Оставалась еще проблема – пронести бомбу в самолет фюрера, который должен был взлететь сразу после обеда. Шлабрендорф собрал то, что он назвал двумя взрывпакетами, завернул так, чтобы это походило на две бутылки коньяка. За обедом Тресков невинно спросил полковника Гейнца Брандта из главного штаба сухопутных войск, находившегося в числе сопровождавших Гитлера лиц, не окажет ли он любезность, не захватит ли с собой презент – две бутылки коньяка для своего старого друга генерала Хельмута Штиффа[242]242
Казнен нацистами. – Прим. авт.
[Закрыть] начальника оргуправления главного командования сухопутных войск.

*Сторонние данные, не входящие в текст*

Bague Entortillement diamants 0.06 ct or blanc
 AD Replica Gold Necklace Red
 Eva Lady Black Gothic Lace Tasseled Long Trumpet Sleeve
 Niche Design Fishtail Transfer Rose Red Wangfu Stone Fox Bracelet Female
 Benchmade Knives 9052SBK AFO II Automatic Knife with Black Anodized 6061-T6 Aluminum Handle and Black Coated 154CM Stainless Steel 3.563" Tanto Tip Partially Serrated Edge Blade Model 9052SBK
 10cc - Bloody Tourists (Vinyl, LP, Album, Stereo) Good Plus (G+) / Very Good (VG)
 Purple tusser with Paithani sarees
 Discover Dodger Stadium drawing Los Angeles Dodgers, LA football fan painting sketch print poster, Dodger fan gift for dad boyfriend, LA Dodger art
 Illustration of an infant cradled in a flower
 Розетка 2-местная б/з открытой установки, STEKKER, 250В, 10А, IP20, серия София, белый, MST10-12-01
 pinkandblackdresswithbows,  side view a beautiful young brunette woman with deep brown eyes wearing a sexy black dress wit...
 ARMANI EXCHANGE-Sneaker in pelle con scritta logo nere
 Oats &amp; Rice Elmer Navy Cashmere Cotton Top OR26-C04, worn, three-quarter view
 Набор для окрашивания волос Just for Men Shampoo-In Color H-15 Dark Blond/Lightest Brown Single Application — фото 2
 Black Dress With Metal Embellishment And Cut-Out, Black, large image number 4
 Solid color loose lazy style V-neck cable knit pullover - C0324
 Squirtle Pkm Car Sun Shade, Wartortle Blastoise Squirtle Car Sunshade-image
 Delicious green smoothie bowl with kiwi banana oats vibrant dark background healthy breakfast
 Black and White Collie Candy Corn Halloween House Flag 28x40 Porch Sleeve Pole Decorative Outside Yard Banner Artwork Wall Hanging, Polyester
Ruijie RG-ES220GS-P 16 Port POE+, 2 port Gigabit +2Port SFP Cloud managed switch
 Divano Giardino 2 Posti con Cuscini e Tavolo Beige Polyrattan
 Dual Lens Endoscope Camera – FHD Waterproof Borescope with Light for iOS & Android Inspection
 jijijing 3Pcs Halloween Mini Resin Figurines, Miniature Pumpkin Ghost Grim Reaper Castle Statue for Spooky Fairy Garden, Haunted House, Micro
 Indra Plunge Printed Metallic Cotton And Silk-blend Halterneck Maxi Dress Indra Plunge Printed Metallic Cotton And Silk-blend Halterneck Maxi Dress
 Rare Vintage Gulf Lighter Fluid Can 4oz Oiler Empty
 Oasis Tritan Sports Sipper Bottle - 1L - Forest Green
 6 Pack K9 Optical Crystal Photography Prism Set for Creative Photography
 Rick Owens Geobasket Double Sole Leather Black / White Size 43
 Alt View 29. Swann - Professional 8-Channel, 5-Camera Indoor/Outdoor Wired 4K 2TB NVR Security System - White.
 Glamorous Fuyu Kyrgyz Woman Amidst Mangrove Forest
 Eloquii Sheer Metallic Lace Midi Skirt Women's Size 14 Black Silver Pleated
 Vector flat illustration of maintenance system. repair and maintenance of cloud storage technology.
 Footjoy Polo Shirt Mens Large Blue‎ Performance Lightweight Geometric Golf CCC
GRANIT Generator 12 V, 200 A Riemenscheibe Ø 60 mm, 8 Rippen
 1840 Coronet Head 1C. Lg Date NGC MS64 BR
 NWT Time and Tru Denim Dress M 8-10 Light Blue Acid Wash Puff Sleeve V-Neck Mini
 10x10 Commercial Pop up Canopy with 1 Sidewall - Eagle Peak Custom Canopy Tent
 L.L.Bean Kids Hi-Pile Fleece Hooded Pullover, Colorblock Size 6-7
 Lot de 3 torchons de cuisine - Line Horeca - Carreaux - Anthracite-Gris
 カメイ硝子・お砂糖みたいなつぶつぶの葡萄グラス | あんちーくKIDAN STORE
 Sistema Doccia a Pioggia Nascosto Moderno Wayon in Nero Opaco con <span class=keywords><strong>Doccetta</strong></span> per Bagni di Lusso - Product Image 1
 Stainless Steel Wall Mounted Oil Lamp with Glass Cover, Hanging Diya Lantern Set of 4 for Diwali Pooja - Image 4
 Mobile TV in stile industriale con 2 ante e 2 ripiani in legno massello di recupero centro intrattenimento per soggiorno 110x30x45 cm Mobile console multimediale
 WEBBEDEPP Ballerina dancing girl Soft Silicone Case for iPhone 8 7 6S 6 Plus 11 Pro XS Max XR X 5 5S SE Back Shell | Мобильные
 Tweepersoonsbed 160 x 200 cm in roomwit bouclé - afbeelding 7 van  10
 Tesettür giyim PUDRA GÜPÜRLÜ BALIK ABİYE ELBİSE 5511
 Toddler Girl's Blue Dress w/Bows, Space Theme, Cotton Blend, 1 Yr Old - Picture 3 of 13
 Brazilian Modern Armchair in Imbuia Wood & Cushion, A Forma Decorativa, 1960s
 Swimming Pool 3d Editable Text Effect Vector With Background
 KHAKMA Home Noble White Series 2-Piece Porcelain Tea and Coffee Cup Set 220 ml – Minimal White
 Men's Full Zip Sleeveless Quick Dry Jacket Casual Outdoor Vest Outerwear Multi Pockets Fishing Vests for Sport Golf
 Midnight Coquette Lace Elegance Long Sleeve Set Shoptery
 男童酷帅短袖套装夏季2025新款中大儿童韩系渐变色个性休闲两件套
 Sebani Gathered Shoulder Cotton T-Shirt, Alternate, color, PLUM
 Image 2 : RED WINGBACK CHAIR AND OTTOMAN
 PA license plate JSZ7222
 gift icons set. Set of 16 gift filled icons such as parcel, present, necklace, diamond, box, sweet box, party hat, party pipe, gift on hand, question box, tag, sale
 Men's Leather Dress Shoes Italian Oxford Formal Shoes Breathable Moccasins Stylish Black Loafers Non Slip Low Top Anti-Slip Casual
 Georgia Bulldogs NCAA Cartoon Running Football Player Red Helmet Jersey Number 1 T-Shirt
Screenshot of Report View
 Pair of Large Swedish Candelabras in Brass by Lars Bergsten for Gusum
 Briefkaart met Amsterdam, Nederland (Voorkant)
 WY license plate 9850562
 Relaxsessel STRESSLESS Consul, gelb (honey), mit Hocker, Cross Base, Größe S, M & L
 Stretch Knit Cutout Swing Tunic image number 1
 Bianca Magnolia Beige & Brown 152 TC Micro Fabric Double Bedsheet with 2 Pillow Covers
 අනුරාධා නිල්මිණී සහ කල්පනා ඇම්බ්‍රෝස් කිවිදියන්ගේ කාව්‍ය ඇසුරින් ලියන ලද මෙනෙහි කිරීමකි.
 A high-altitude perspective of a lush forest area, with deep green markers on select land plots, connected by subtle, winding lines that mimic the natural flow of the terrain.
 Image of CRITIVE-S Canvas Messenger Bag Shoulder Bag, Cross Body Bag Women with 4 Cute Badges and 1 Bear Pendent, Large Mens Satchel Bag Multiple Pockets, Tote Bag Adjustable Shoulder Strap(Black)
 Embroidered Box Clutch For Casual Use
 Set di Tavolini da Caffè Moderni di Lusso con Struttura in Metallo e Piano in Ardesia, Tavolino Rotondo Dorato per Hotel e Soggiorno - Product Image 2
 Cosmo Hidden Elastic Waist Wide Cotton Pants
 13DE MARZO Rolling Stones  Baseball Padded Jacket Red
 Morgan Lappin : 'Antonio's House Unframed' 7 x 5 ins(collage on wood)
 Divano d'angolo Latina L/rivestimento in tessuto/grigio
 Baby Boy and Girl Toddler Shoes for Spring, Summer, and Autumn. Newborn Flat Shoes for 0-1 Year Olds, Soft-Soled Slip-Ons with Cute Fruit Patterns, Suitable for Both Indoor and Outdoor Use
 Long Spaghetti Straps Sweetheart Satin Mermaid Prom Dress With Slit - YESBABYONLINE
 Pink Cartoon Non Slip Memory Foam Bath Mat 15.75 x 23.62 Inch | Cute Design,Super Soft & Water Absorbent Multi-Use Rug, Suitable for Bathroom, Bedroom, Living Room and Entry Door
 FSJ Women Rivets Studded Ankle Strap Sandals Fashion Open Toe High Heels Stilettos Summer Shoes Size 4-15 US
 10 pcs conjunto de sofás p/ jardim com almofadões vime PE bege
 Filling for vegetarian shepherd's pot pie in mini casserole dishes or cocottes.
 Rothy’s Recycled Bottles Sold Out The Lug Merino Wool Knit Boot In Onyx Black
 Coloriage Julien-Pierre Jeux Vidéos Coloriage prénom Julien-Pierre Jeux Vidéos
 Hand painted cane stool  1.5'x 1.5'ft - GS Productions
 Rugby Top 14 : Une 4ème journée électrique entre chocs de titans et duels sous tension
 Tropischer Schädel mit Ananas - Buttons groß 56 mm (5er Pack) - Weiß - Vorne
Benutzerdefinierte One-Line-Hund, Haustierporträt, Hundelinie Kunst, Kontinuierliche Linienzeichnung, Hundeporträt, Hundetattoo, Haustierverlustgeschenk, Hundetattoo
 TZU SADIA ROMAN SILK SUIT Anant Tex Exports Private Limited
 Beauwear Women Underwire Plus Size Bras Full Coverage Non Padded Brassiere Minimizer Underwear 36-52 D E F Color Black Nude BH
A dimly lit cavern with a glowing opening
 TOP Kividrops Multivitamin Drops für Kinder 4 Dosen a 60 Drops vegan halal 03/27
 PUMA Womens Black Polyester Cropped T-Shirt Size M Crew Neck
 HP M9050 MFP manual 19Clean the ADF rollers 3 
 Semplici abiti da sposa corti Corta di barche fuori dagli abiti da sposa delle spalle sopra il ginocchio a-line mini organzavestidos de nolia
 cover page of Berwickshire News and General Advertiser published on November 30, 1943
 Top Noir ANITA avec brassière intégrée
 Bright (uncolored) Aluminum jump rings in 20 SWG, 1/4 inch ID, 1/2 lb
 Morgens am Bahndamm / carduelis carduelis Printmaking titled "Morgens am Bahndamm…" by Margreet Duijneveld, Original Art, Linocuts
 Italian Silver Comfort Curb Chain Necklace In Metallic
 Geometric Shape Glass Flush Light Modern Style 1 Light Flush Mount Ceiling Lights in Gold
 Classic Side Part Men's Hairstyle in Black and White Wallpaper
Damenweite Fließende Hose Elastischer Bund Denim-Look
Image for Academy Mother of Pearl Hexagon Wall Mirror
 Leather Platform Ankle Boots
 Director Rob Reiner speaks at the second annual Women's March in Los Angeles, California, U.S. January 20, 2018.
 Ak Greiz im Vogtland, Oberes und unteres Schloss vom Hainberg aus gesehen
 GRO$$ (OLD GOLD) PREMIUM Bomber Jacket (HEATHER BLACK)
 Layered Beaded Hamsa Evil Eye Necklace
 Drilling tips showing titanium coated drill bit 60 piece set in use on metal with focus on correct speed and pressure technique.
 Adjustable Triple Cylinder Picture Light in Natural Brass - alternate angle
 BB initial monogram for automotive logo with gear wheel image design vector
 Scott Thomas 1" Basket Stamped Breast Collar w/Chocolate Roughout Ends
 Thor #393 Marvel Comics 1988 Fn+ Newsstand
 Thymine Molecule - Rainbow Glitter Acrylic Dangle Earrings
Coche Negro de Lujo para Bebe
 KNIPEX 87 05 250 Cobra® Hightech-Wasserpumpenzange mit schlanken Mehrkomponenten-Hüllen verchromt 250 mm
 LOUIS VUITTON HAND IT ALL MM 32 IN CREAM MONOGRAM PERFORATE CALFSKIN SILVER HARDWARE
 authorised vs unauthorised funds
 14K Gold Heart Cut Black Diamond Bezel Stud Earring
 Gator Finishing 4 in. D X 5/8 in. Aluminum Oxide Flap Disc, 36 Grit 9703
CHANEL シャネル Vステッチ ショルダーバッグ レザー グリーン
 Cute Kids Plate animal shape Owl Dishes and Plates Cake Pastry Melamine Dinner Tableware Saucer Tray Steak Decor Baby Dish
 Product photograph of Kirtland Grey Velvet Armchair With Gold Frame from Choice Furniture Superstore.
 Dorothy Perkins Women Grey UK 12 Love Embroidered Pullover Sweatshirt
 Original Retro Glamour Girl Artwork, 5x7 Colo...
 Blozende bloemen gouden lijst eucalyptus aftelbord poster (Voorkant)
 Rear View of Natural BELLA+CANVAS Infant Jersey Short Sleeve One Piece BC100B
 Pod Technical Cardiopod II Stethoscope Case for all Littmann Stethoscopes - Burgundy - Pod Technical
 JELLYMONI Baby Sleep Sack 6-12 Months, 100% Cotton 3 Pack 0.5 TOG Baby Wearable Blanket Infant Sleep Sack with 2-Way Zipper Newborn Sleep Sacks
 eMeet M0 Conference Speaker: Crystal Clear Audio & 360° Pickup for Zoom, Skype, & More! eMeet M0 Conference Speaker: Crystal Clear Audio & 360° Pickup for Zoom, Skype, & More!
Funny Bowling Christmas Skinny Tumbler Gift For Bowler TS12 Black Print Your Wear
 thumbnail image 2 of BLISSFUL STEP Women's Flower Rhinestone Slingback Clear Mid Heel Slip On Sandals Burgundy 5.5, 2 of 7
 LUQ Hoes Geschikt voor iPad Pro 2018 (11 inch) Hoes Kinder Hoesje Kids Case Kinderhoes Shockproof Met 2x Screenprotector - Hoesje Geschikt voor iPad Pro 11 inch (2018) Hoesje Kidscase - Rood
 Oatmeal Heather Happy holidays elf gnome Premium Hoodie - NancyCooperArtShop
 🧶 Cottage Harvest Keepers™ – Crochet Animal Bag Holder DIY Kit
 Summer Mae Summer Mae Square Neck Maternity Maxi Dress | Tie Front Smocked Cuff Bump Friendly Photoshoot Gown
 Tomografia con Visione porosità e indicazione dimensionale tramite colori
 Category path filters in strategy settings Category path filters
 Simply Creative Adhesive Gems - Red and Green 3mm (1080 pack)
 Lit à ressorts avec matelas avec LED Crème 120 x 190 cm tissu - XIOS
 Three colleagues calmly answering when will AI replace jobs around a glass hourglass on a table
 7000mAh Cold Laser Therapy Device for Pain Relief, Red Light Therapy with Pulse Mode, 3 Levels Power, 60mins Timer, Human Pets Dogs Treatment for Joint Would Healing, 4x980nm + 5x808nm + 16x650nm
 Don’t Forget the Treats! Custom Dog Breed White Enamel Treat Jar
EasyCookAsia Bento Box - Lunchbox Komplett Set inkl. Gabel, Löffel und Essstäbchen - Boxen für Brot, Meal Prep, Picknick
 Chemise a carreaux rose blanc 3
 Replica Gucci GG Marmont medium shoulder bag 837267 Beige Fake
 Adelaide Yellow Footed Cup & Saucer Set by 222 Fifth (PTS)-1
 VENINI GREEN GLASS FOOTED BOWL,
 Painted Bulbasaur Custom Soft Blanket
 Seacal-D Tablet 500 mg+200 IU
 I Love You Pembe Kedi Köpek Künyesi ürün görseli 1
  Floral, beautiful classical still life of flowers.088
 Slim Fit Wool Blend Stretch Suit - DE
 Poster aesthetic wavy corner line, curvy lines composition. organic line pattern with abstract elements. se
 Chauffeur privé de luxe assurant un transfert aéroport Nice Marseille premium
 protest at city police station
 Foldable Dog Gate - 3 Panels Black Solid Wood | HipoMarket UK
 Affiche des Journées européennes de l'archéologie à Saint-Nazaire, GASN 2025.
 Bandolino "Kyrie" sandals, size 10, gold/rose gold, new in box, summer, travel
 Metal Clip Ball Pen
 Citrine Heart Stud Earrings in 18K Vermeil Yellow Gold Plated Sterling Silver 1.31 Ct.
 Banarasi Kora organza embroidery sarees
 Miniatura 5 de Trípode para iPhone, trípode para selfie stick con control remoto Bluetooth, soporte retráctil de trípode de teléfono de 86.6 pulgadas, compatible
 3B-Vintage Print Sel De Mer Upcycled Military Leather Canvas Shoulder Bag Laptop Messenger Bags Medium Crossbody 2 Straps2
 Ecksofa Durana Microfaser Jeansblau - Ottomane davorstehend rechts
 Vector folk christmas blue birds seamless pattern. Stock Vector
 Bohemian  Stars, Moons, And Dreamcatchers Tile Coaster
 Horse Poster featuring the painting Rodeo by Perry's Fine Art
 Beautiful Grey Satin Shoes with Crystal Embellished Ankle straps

Ничего не подозревавший Брандт сказал, что будет рад исполнить просьбу.
На аэродроме Шлабрендорф, нервно просунув палец в небольшое отверстие в свертке, запустил механизм замедленного действия и вручил посылку Брандту, входившему в самолет фюрера. Взрывное устройство было сконструировано довольно хитро – в него был встроен часовой механизм. Молодой офицер нажал на кнопку – она раздавила небольшую ампулу с химическим раствором, который разъедал проволочку, удерживавшую сжатую пружину. Когда проволочка обрывалась, пружина ударяла по бойку, а тот ударял по детонатору, подрывавшему бомбу. Взрыв, как объяснял Шлабрендорф, должен был произойти вскоре после того, как Гитлер пролетит Минск, примерно через тридцать минут после взлета в Смоленске. Дрожа от возбуждения, Шлабрендорф позвонил в Берлин и кодом предупредил заговорщиков о том, что «Вспышка» началась. Затем он и Тресков, затаив дыхание, стали ждать грандиозной новости. Они предполагали, что первое известие поступит по радио от одного из истребителей, сопровождавших самолет фюрера, и вели счет минутам. Прошло двадцать, тридцать, сорок минут, час… Однако известий все не поступало. Прошло более двух часов, прежде чем поступило обычное сообщение. Оно гласило, что самолет Гитлера приземлился в Растенбурге.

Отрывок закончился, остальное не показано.